Rezension

Rezension "Das Erwachen des Feuers"

Das Erwachen des Feuers - Anthony Ryan

Das Erwachen des Feuers
von Anthony Ryan

Die Welt von Mandinorien steht vor einem Problem. Denn das Produkt, das Drachenblut, wird immer seltener und kostbarer und die Vorräte scheinen zur Neige zu gehen. In ihrer Not klammern sich manche an eine Legende: die Legende vom weißen Drachen.
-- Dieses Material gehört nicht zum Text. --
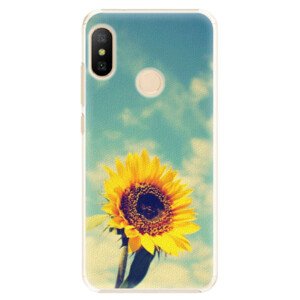 Plastové pouzdro iSaprio - Sunflower 01 - Xiaomi Mi A2 Lite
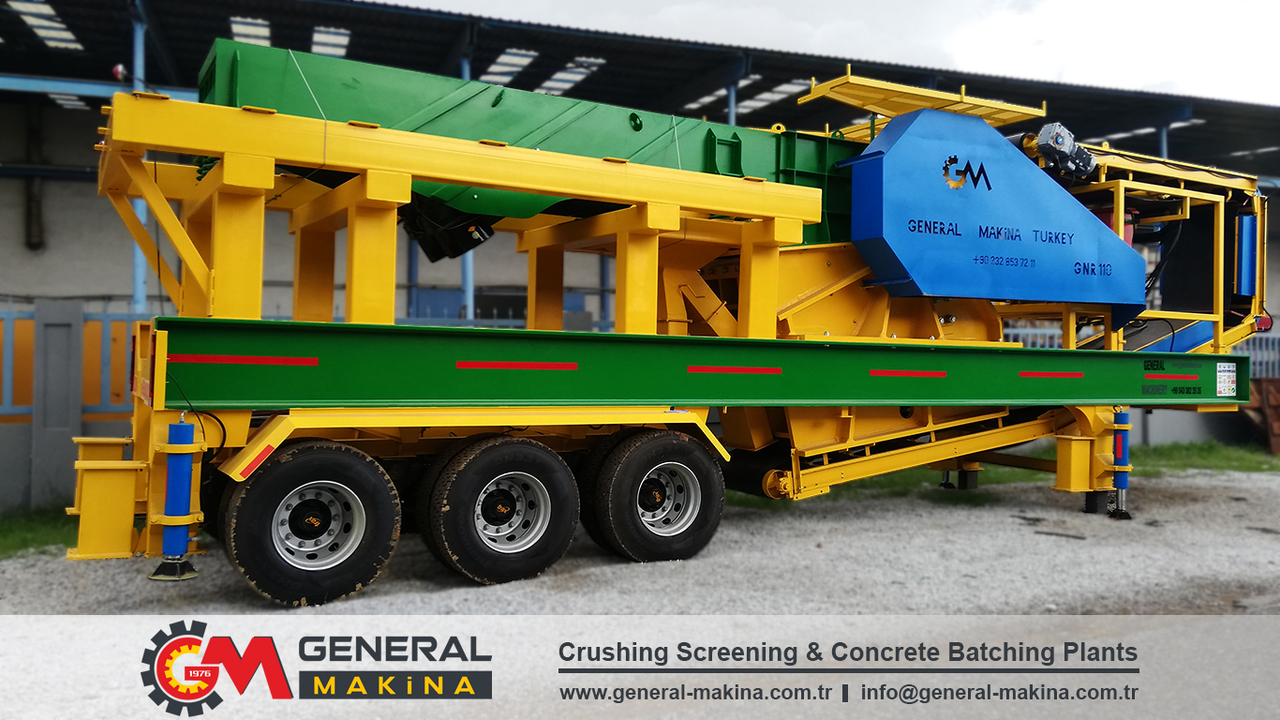 General Makina Crusher and Screener Sale From Manufacturer - Máquina de mineração: foto 2 General Makina Crusher and Screener Sale From Manufacturer - Máquina de mineração: foto 2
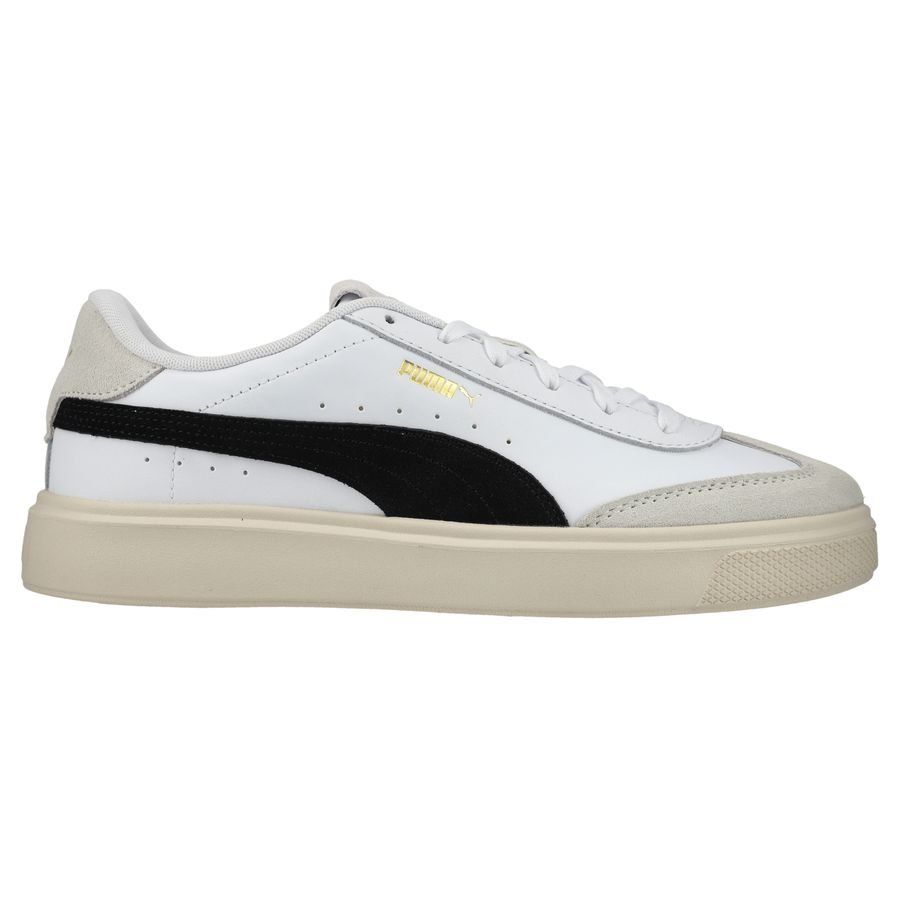 PUMA Chaussures Lajla T-toe - Blanc/Noir Femme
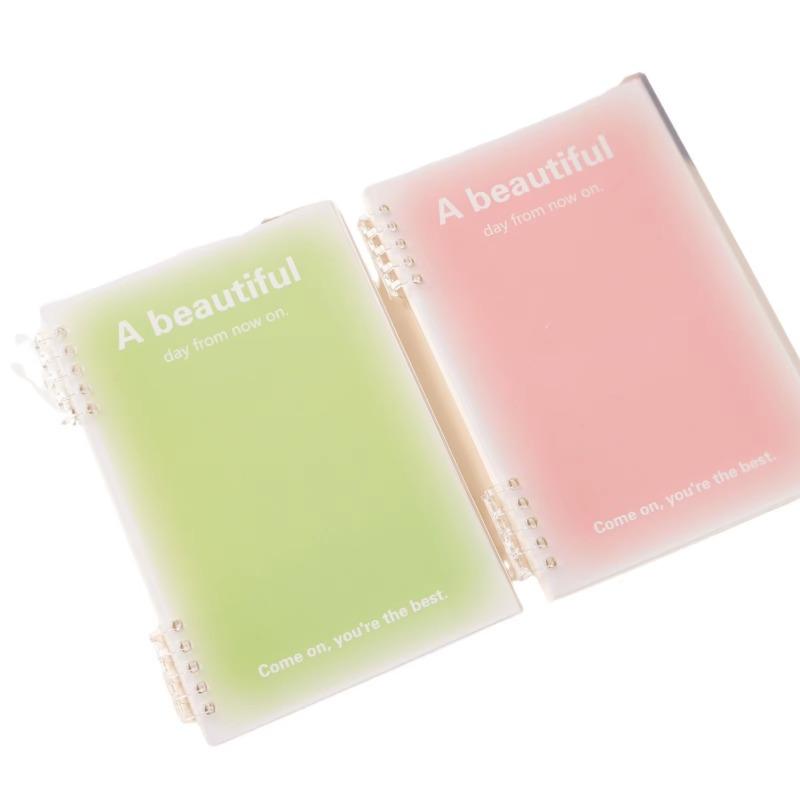 A5 B5 Блокнот с отрывными листами 60 листов Линия с подарками Kawaii Корейские канцелярские принадлежности Школьные принадлежности Блокноты для записей Студенты Письмо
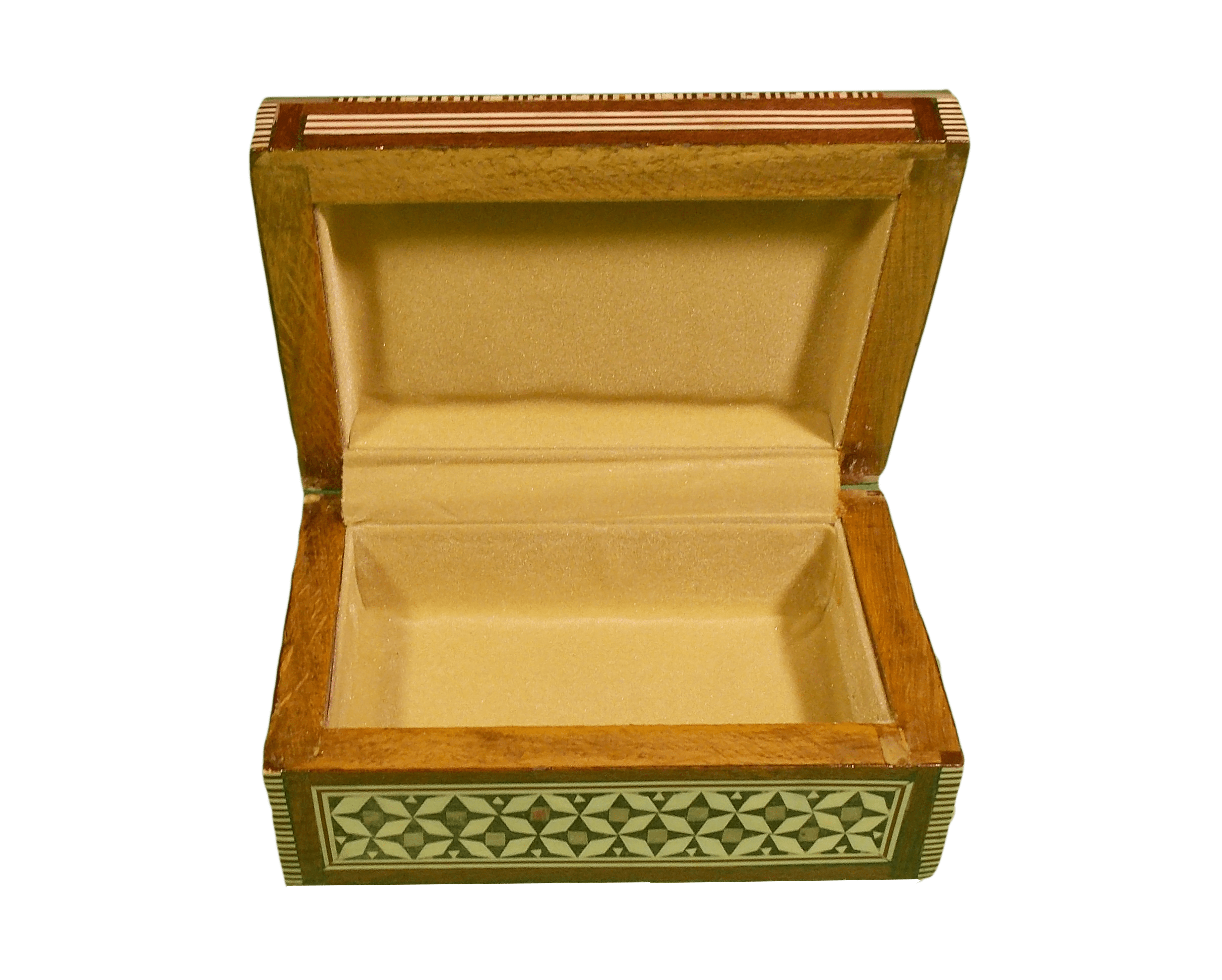 Mother of Pearl rectangular Jewellery box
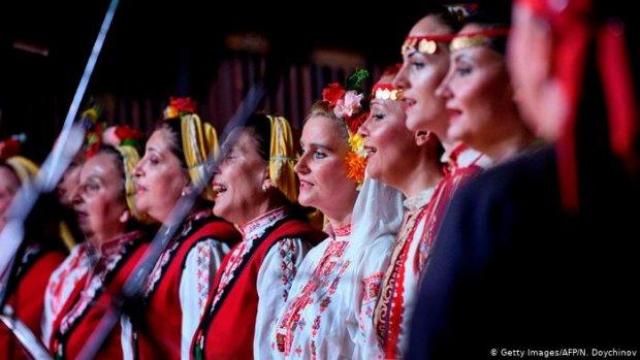 Като космически дъжд: "Мистерията на българските гласове" (видео)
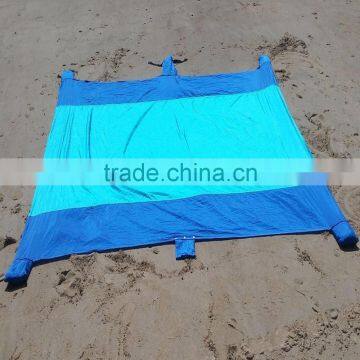 Sand Esacpe Beach Blanket including Built In Pockets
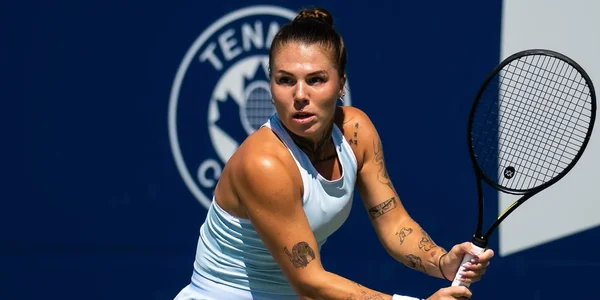 Олександра Олійникова виграла дебютний матч в основі US Open 2026
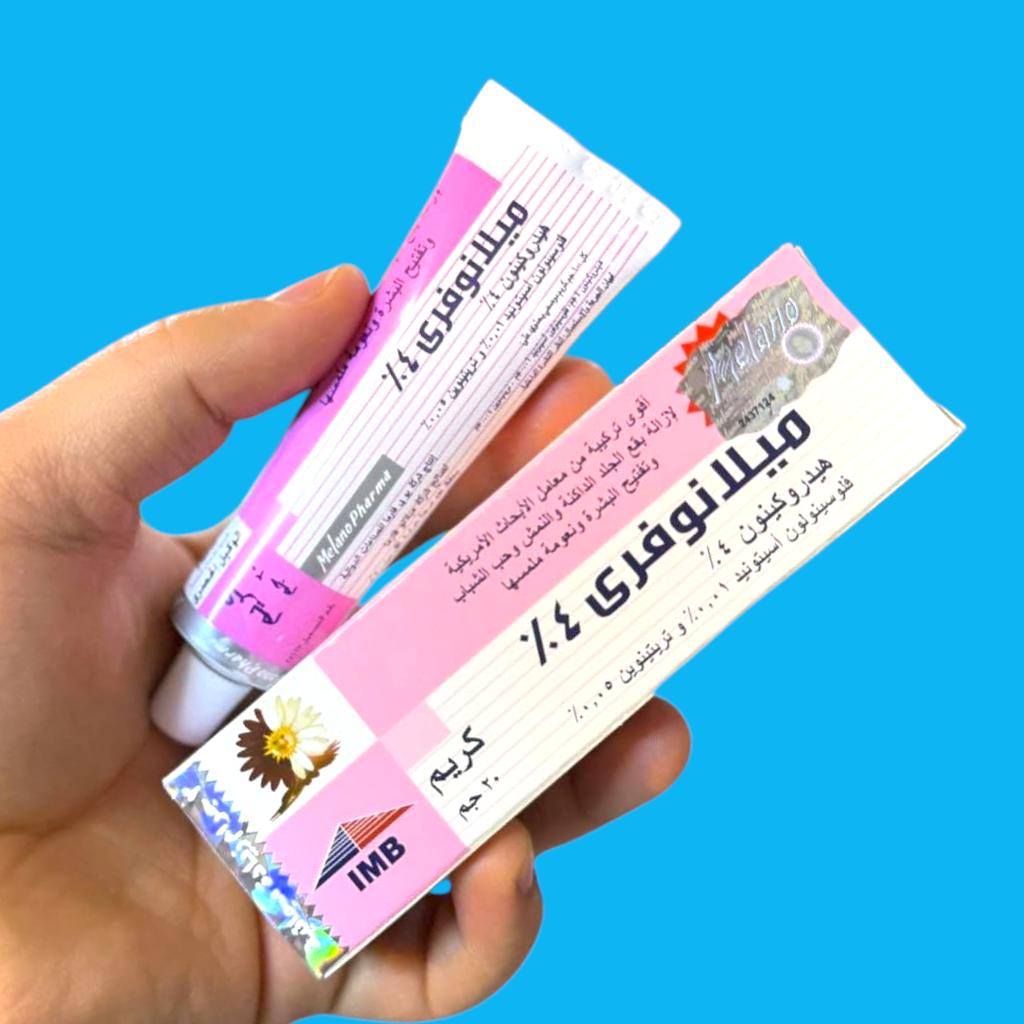 Melanofree 4% Spot Removal and Skin Lightening Cream - 20g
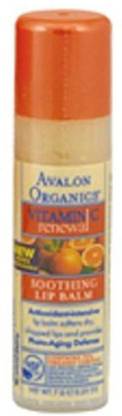 Avalon Organics Intense Defense Lip Balm Natural
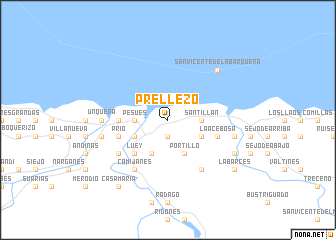 map of Prellezo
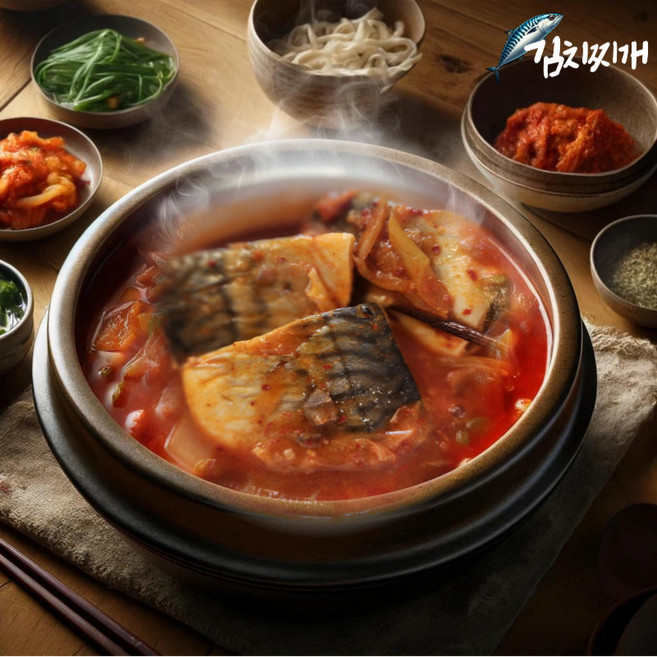 가시없는 원효 고등어김치찌개, 1개, 340g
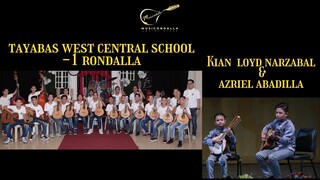 Humoresque, La Danza, & Gabi ng mga Aswang | Tayabas West CS-1 Rondalla & Kian Loyd Narzabal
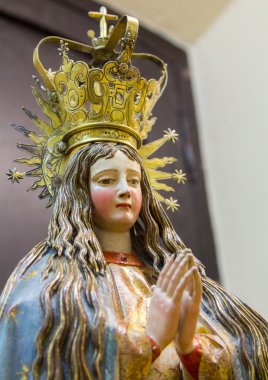 Bakire şeklinde Hıristiyan görüntüleri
Und so wird der junge Clay auf die Reise nach dieser mystischen Kreatur geschickt.

"Das Erwachen des Feuers", der Auftakt der neuen Fantasyreihe Draconis Memoria von Anthony Ryan, geht gleich in die Vollen. Über 700 Seiten enthält dieses Buch und da stellt man sich schon die Frage, wie schnell man in dieses umfangreiche Werk hinein kommt. Das geht meiner Ansicht nach überraschend schnell: Ich habe etwa 100 bis 150 Seiten gebraucht, um mich zurecht zu finden. Denn Ryans Konzept wirkt vielleicht zunächst verwirrend, ist aber wirklich genial. Jedes Kapitel ist aus der Perspektive einer der drei Protagonisten geschrieben. Neben dem bereits erwähnten Clay gibt es noch die Spionin Lizanne und den Marineoffizier Hilemore. Ryan erzählt also gewissermaßen drei parallele Handlungsstränge, die sich jedoch an der ein oder anderen Stelle kreuzen.
Sehr beeindruckend ist auch, dass Ryan in der Lage ist, für jeden Charakter den Sprachstil komplett zu wechseln. Hilemore als Marineoffizier ist natürlich sehr vom militärischen Duktus geprägt. Lizanne wirkt wie eine Powerfrau, sie geht bei der Erfüllung ihrer Mission jedoch auch im wahrsten Sinne des Wortes über Leichen. Und bei Clay merkt man die Herkunft aus den Elendsvierteln in der echt derben und prolligen Wortwahl, bei der durchaus des öfteren mal das "Sch-Wort" fällt, deutlich. Das ist wirklich gut gemacht und trägt auch zum Spannungswert des Buches bei.
Einige Probleme hatte ich jedoch mit der Darstellung der Kämpfe und Schlachten. Diese werden hier nicht fantasytypisch mit Schwert und Schild geführt, nein, hier werden eher moderne Waffen, wie Revolver, Pistolen und Gewehre benutzt. Gegen kleinere Schießereien ist grundsätzlich nichts einzuwenden, aber stellenweise arten die Gefechte in regelrechten Stellungskriegen und Seeschlachten aus. Dies ist mir persönlich zu militärisch, so dass ich damit relativ wenig anfangen konnte. Jedoch gelingt Ryan immer wieder die Kurve zu mehr handlungsorientiertem Geschehen, so dass der Roman niemals in sinnlosem Gemetzel ausartet.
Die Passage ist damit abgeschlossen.